January 14, 2012 - I know we are planning on hiking this weekend because, after all, with three full days off why not? I was a little surprised when Will suggested that morning to head for the Grand Canyon though. It seemed a bit spur of the moment. But I was game so we did our best to pack everything we could think of into the Jeep, then took off. We set up camp at Mather's campground that evening, had some fabulous vegetarian chili at the Maswik Lodge, made some rough plans on what trails to take and how much we wanted to tackle, then settled in for a good night's sleep.
January 15, 2012 - We decide in a fit of optimism to hike all the way to the river and back in one day. After all, it's only January so it isn't going to be hot, we are in somewhat good shape and, honestly, there isn't any way we could rustle up a camp site at Phantom Ranch at the last minute. We are vaguely aware that it means hiking the last few hours in the dark, especially as our start time keeps getting pushed up due to frustrations at keeping our camp site another night (I absolutely hate setting a tent up in the dark when it's cold!). But we have several (not joking here!) flashlights squirreled among us, enough food bars and gu to outfit an army, lots of water, so we are feeling really good about ourselves around 10 am when we start off down the trail.
Bad news for me; there is still ice on the first few switchbacks of the South Kaibab trail. My adrenaline is pounding through the roof as I try not to slip and either A) break something, or B) slide right off into the vast chasm that is the Grand Canyon. A tiny part of my brain starts worrying that there is a 40% chance of snow this evening and we still have to climb back out and I'm willing to bet there is ice on the Bright Angel Trail too.

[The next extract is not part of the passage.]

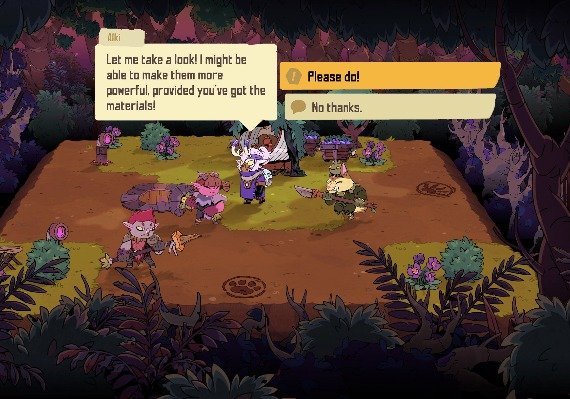 Rotwood EN Global screenshot 2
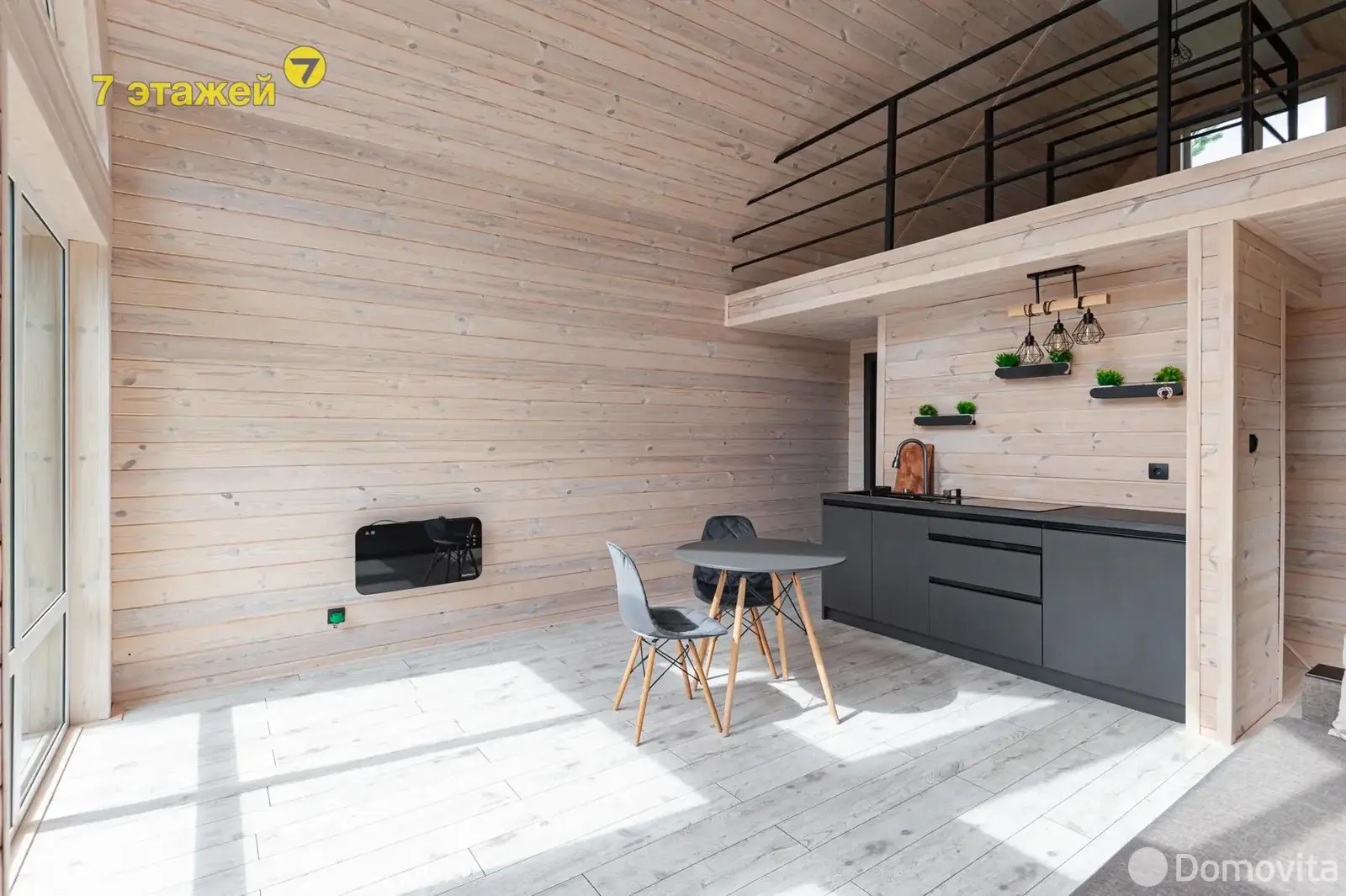 дача, Лесное,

The view, though, is absolutely breathtaking.
Mule train heading up from Phantom Ranch. |
This goat was literally 15 feet above where I stood on the trail. He's staring at all the noise I'm making. |
We decided to take the longer Bright Angel Trail because of logistics: the shuttle stops servicing the S. Kaibab a full three hours before the other end and we don't want to have to walk back to camp. The views along the trail are absolutely beautiful, with many waterfalls and tiny oases and a herd of deer that stood just off the trail and watched us curiously as we walked by.
Last picture of the trip. One of the many waterfalls. A portrait of sheer exhaustion. |
Then the snow starts falling. Yeah. Let the horror of that sink in.

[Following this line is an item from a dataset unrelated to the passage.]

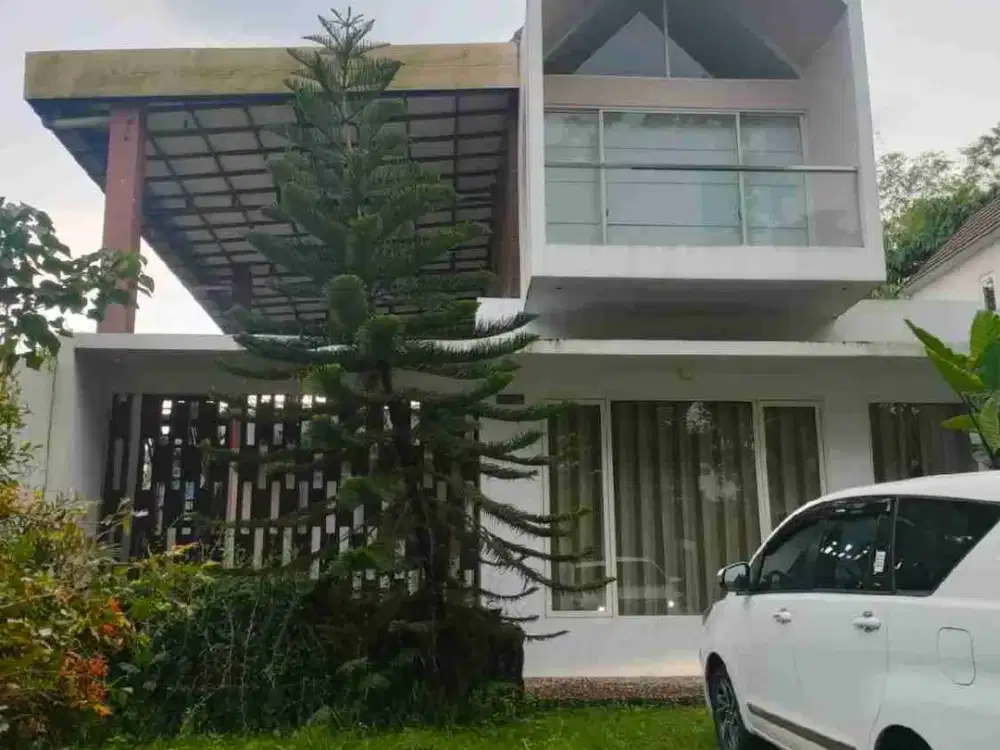 Dijual cepat golf view The taman Dayu Cluster Favorite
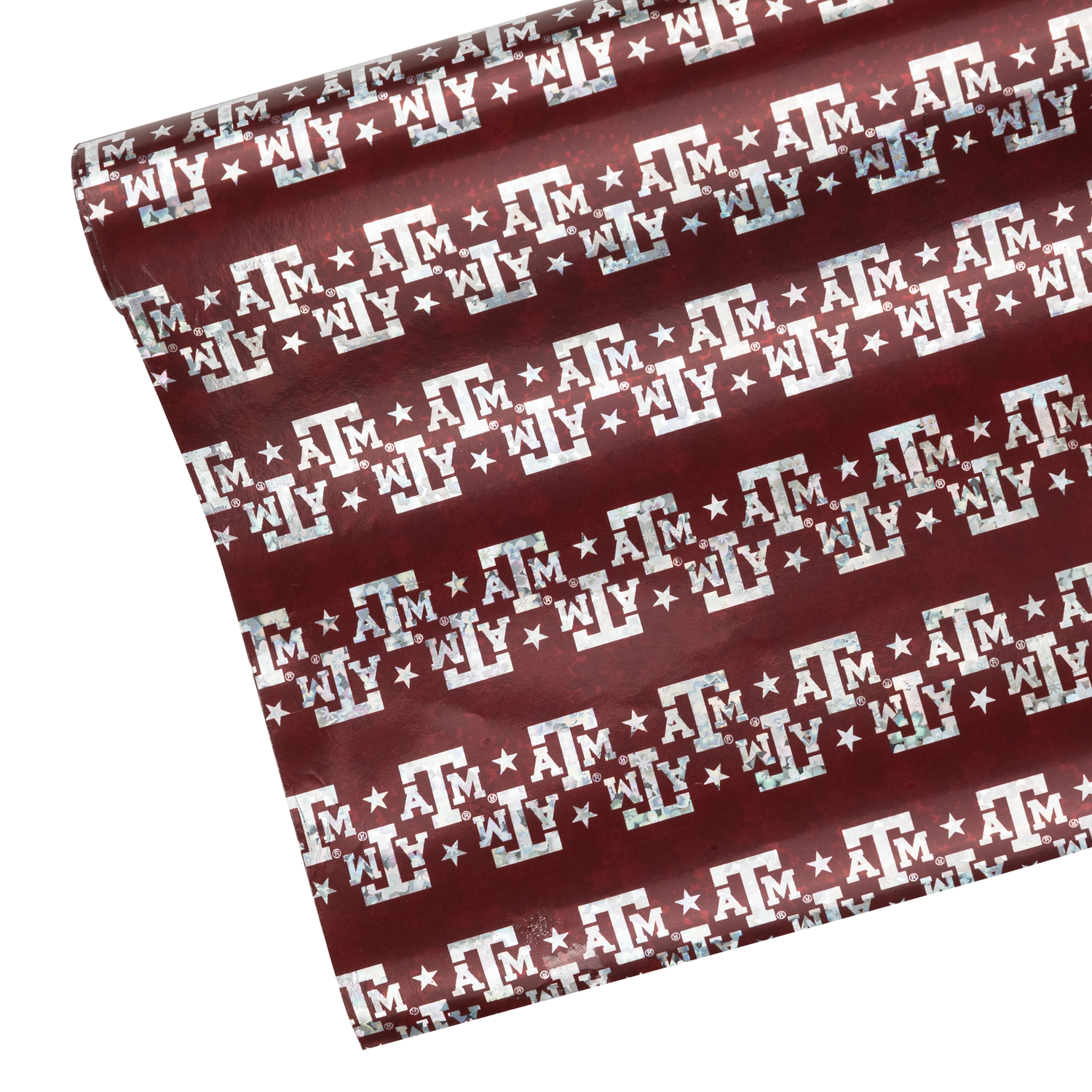 Texas A&M Gift Wrap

We hike the last 1 1/2 mile in a snow fall. It covers up the ice that indeed covers the switchbacks just like on the S. Kaibab so we are literally inching along. Somehow neither one of us falls and we make steady progress all...the...way...to...the...top.

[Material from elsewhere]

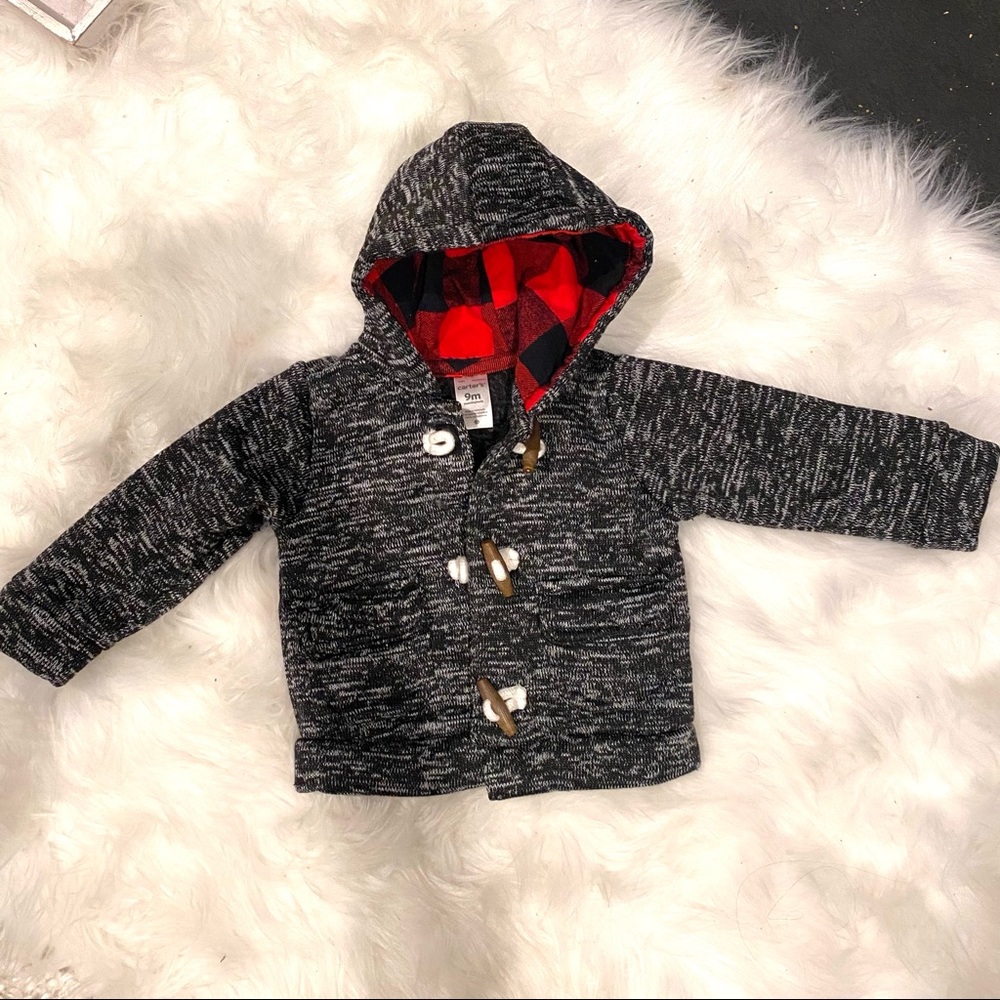 Carter’s baby jacket
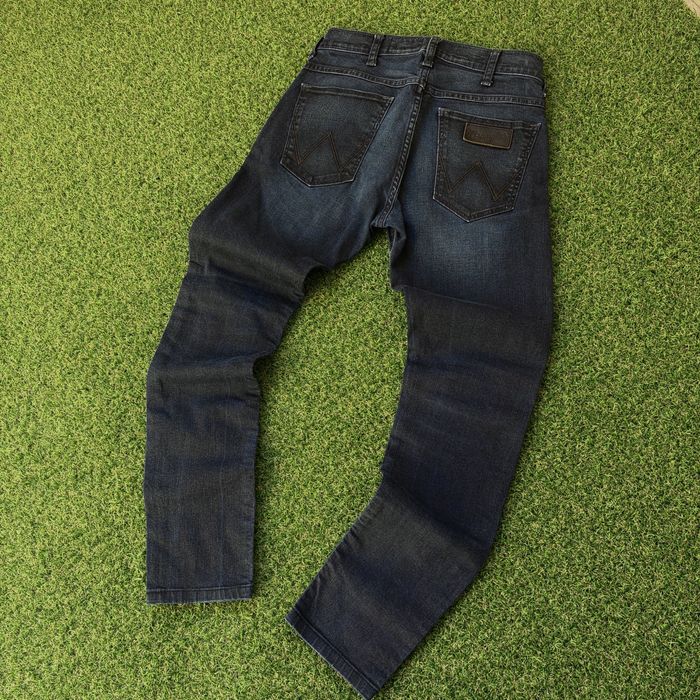 Мъжки дънки WRANGLER, TOMMY HILFIGER и други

It's 9:30 pm by the time we stagger into the Maswik Lodge, covered in snow (!) and looking like we're more dead than alive. We find out the last shuttle ran thirty minutes ago. After getting down some hot soup and tea, we trek the last mile or so to the campground, pull off our hiking boots and bury ourselves in our sleeping bags. Will slips and falls in the snow, 20 feet away from our tent; luckily he isn't hurt.
January 16, 2012 - There is an inch and a half of snow covering the entire campground when I blearily crawl out of the tent. It covers everything; the jeep, the tent, the road. We can barely walk and already the incredible feat of endurance and monumental stupidity of what we have accomplished is occurring to us. We have hiked the Grand Canyon, to the river and back in one day and we are damned lucky that nothing horrible happened to us. Do I want to do it again? Hell yes! But in April, when there is no snow on the ground and with a heck of a lot more preparation. But it was by far the most challenging, beautiful and rewarding hike of my life and I cannot wait to go back.